Content starts

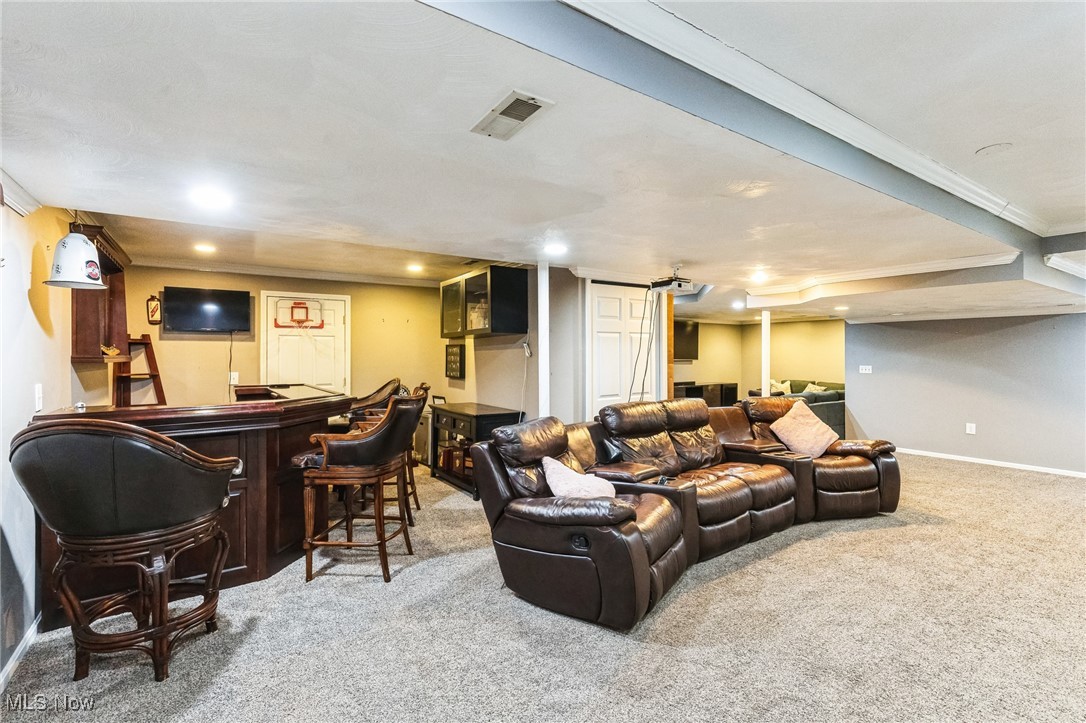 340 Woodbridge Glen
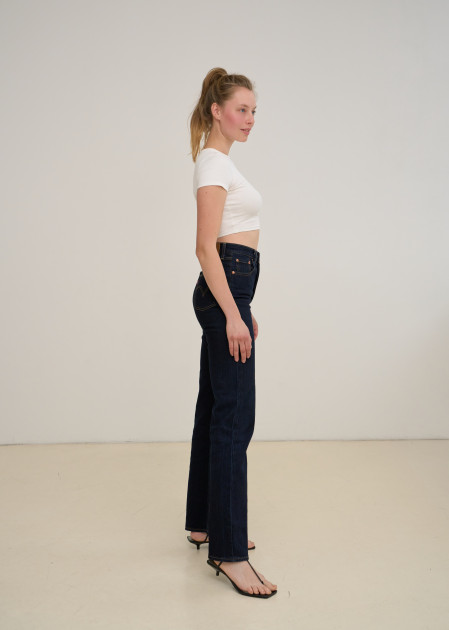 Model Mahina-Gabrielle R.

Content ends
Content starts

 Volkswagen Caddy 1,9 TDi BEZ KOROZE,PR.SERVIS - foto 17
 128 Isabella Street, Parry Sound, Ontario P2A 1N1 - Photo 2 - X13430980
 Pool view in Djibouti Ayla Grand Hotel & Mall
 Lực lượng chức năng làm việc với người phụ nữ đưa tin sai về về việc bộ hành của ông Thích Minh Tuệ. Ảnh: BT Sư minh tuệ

Content ends

# [Your goal]
Reproduce exactly the lines of the records above from the one with "Pool view in" to the one with "Lực lượng chức", both included, and leave out everything else.

# [Task response]
 Pool view in Djibouti Ayla Grand Hotel & Mall
 Lực lượng chức năng làm việc với người phụ nữ đưa tin sai về về việc bộ hành của ông Thích Minh Tuệ. Ảnh: BT Sư minh tuệ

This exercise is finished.